**ACTIVITY**: Every line below from the one with "Clivia Flowering Plant" through the one with "Rainbow over a" should be retyped exactly, both ends included; no other lines and no pictures.

**GIVEN ENTRIES**:
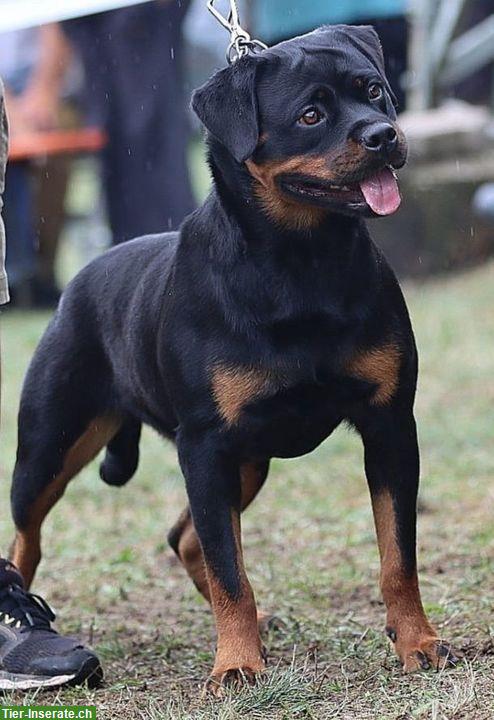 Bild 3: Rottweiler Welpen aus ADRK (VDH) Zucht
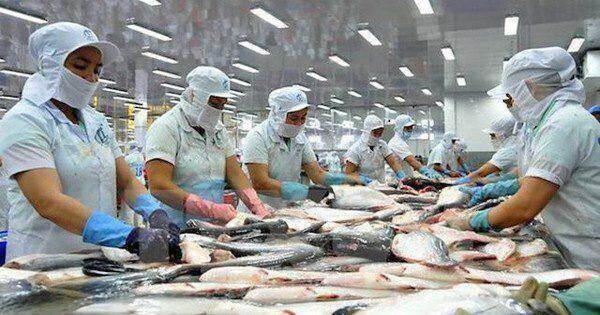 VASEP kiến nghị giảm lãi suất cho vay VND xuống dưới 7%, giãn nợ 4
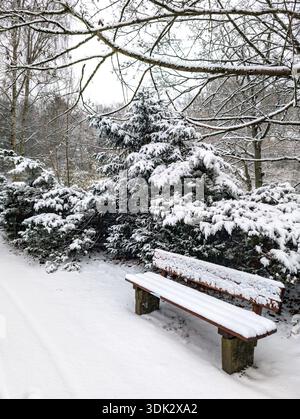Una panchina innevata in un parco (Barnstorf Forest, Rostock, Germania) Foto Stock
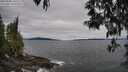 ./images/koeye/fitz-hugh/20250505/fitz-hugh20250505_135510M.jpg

* * *

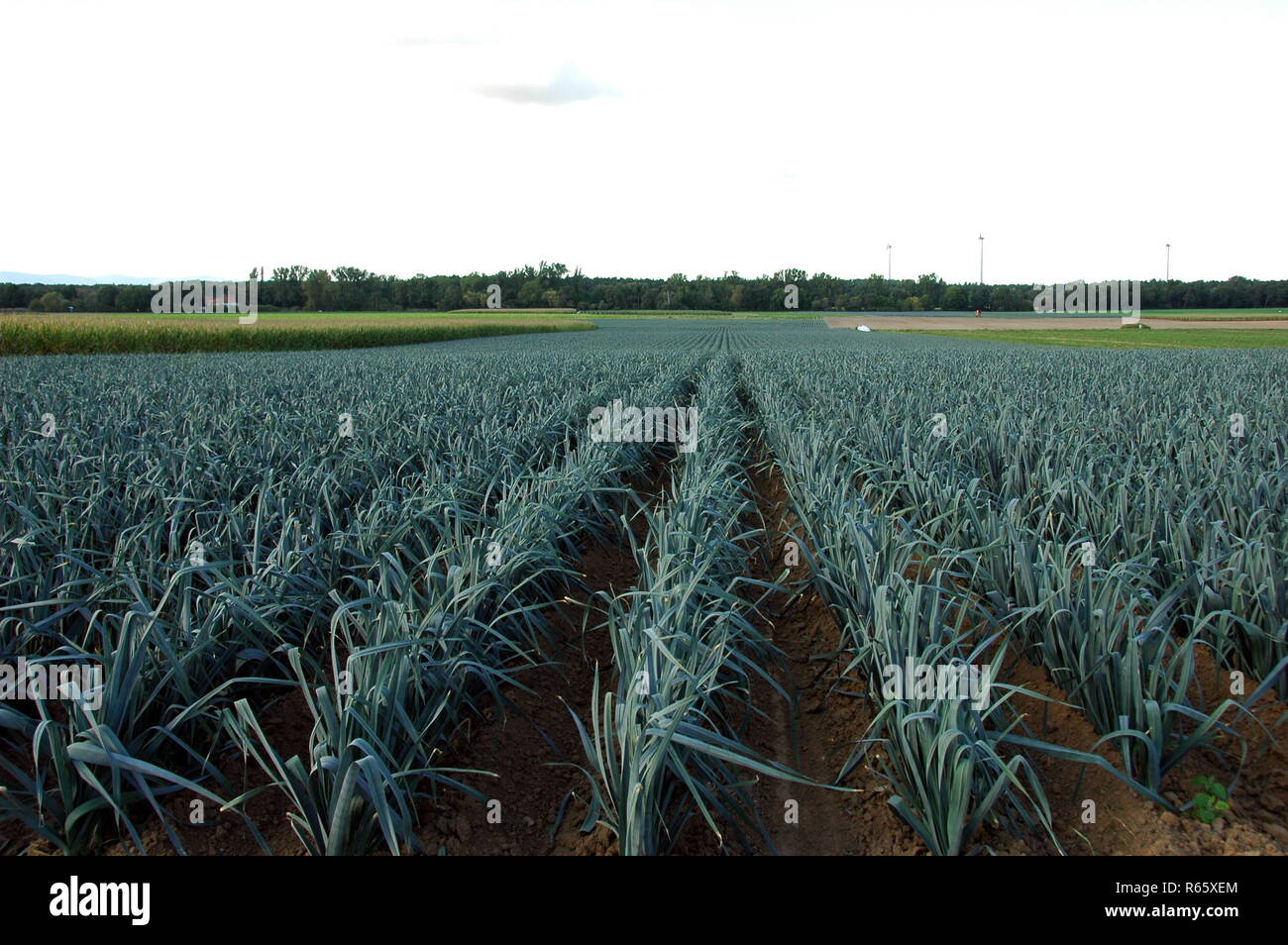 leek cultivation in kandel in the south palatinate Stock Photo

...

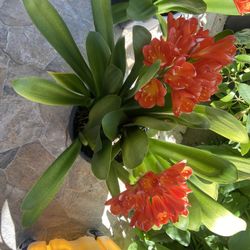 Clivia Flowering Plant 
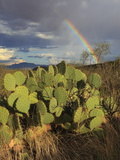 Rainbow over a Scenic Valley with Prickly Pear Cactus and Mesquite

**TASK RESPONSE**:
 Clivia Flowering Plant 
 Rainbow over a Scenic Valley with Prickly Pear Cactus and Mesquite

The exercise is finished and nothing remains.